## WORK REQUEST
Take the data below and write it out exactly, except for the pictures.

## DATA SECTION
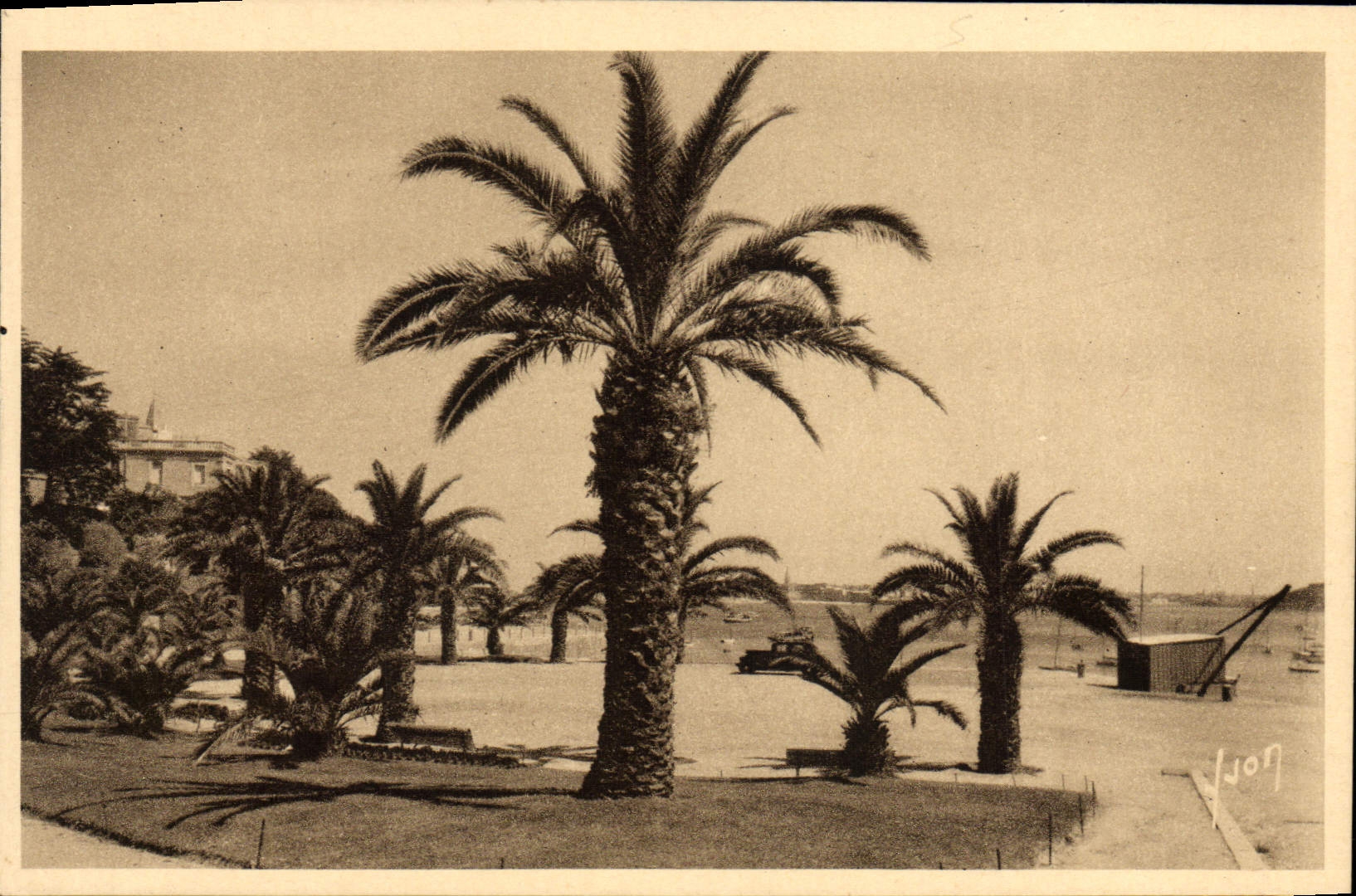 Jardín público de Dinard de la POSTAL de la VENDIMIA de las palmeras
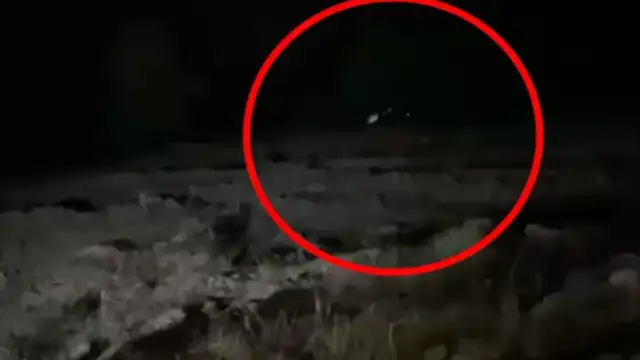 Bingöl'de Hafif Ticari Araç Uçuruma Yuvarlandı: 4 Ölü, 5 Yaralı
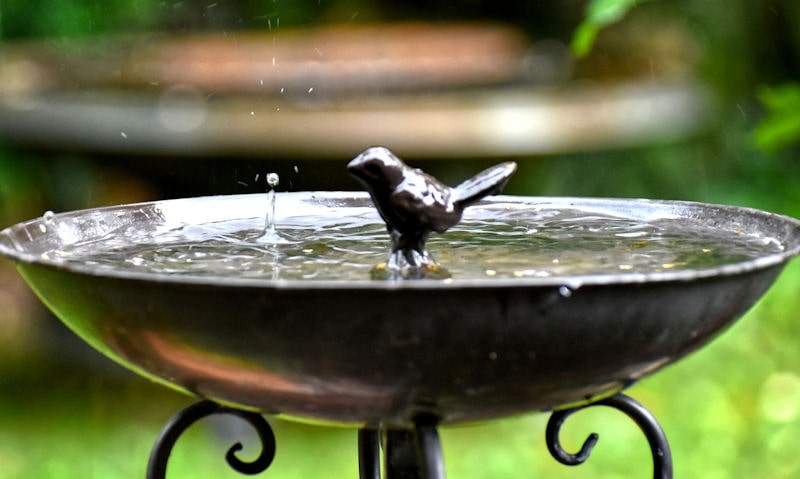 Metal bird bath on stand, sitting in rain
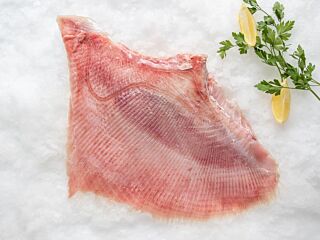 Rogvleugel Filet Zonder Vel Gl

## ANSWER TO THIS PROBLEM
 Jardín público de Dinard de la POSTAL de la VENDIMIA de las palmeras
 Bingöl'de Hafif Ticari Araç Uçuruma Yuvarlandı: 4 Ölü, 5 Yaralı
 Metal bird bath on stand, sitting in rain
 Rogvleugel Filet Zonder Vel Gl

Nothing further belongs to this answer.